▸ **What is needed**
Nothing but the lines from the one with "Extender. Box." through the final line of the entries below should be written out, each exactly as given.

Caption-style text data
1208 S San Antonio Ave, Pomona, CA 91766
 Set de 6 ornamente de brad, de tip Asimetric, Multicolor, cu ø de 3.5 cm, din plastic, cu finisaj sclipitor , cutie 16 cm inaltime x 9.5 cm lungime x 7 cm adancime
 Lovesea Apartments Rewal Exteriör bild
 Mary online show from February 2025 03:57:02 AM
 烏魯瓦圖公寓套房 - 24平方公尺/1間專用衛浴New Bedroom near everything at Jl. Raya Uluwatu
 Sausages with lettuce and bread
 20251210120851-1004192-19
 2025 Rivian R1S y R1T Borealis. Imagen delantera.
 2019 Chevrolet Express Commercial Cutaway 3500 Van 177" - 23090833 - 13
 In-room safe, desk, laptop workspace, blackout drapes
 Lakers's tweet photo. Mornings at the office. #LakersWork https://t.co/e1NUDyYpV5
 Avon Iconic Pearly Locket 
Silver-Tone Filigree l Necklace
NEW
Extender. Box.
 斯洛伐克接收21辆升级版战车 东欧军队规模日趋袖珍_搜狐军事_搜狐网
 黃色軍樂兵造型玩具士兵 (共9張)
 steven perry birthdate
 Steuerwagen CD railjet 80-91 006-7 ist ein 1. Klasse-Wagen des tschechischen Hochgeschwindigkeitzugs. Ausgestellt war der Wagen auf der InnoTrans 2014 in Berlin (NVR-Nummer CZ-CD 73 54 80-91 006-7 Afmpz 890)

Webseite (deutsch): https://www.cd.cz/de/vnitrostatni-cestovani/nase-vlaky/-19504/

▸ **Result of the task**
Extender. Box.
 斯洛伐克接收21辆升级版战车 东欧军队规模日趋袖珍_搜狐军事_搜狐网
 黃色軍樂兵造型玩具士兵 (共9張)
 steven perry birthdate
 Steuerwagen CD railjet 80-91 006-7 ist ein 1. Klasse-Wagen des tschechischen Hochgeschwindigkeitzugs. Ausgestellt war der Wagen auf der InnoTrans 2014 in Berlin (NVR-Nummer CZ-CD 73 54 80-91 006-7 Afmpz 890)

Webseite (deutsch): https://www.cd.cz/de/vnitrostatni-cestovani/nase-vlaky/-19504/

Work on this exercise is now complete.